Terkait
kata janji, ada istilah lain, yang berasal dari kata janji, yaitu perjanjian. Meskipun
sama berasal dari kata janji, namun perjanjian memiliki arti yang sangat berbeda.
Perjanjian selain mempunyai makna "saling" juga menimbulkan akibat
hukum, sebagaimana yang dikemukakan Prof. Subekti, suatu perjanjian adalah
suatu peristiwa ketika seseorang berjanji kepada orang lain atau antara dua
orang itu saling berjanji untuk melaksanakan sesuatu hal. Pengertian lain dari
perjanjian menurut Prof. Van Dune berarti hubungan hukum berdasarkan kata sepakat
untuk menimbulkan akibat hukum. Oleh karena itu, dalam suatu perjanjian, dua orang
atau lebih tersebut, sudah terikat secara hukum. Maka apabila salah satu pihak
ingkar, maka pihak lainnya dapat menuntut pertanggungjawabannya secara hukum.
Sedangkan
definisi kampanye menurut (Roger dan Storey), seperti yang dikutip, http://all-about-theory.blogspot.com
dalam (Antar Venus, 2004: 7) adalah serangkaian tindakan komunikasi yang
terencana dengan tujuan menciptakan efek tertentu pada sejumlah besar khalayak
yang dilakuan secara berkelanjutan pada kurun waktu tertentu.
Para
ahli komunikasi mengakui Definisi Rogers dan Storey adalah yang paling popular
dan dapat diterima dikalangan ilmuwan komunikasi. Hal ini didasarkan kepada dua
alasan (1) definisi tersebut secara
tegas menyatakan bahwa kampanye merupakan wujud tindakan komunikasi; (2) bahwa
definisi tersebut dapat mencakup keseluruhan proses dan fenomena praktik kampanye
yang terjadi dilapangan Tujuan lain dari kampanye menurut Ibnu Hamad[1] adalah
menciptakan pendapat umum.

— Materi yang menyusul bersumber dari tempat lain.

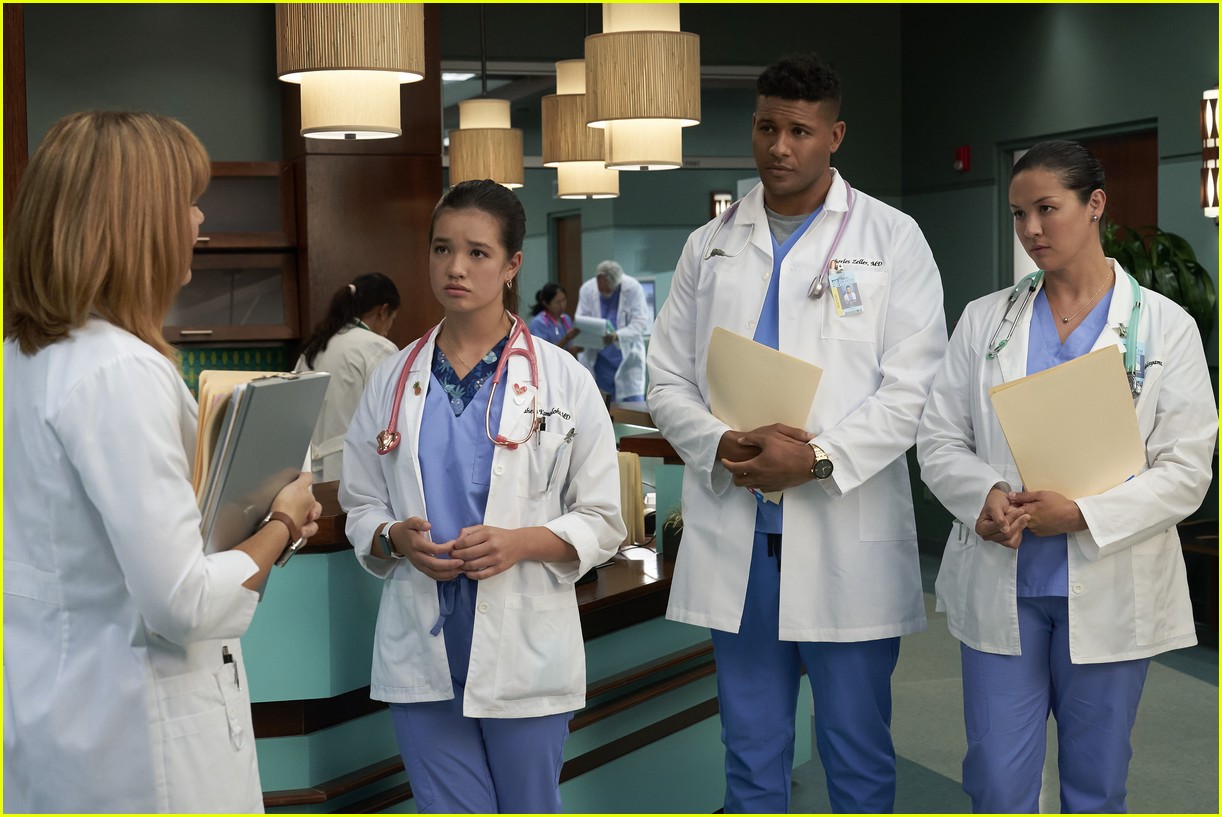 peyton elizabeth lee doogie kamealoha gets disney plus premiere date 09.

Kegiatan kampanye juga sering dianggap sebagai
komunikasi politik. Para kontentan Pemilu biasanya memilih komunikasi
politiknya dengan pendekatan propaganda, dibanding pendekatan persuasif.
Pada
pendekatan propoganda, upaya mempengaruhi orang lain dilakukan secara searah,
dengan memafaatkan sentimen kelompok. Pesan dalam progpaganda biasanya disusun
secara akurat berdasarkan analisis yang lengkap terhadap norma kelompok. Sedangkan
pendekatan persuasif jarang digunakan, karena dalam pendekatan persuasif, upaya
dilakukan untuk mempengaruhi perpesi dan kesan orang dengan mengekspolrasi
perasaan kerangkan pikir dan sebagainya harus dilakukan secara interpersonal
karena memerlukan feedback dari penerima.[2]
Disamping,
itu janji kampanye mempunyai ciri khas tersendiri dibandingkan aspek lain dari
kampanye, karena janji kampanye tidak diatur dalam undang-undang pemilu. Janji
kampanye juga jelas bukan bentuk dari suatu perjanjian yang mengikat secara
hukum. Oleh karena itu rakyat tidak bisa menuntut pertanggungjawaban janji kampanye
dikemudian hari, apabila kandidat tersebut terpilih menjadi Presiden atau Kepala
Daerah. Celah ini pula yang selalu “dimanfaatkan” oleh para pelaku kampanye, pada
saat kampanye. Wal hasil, janji kampanye hanya dipertanggungjawabkan secara moral
kepada Yang Maha Kuasa dan masyarakat yang sifatnya tidak mengikat secara hukum.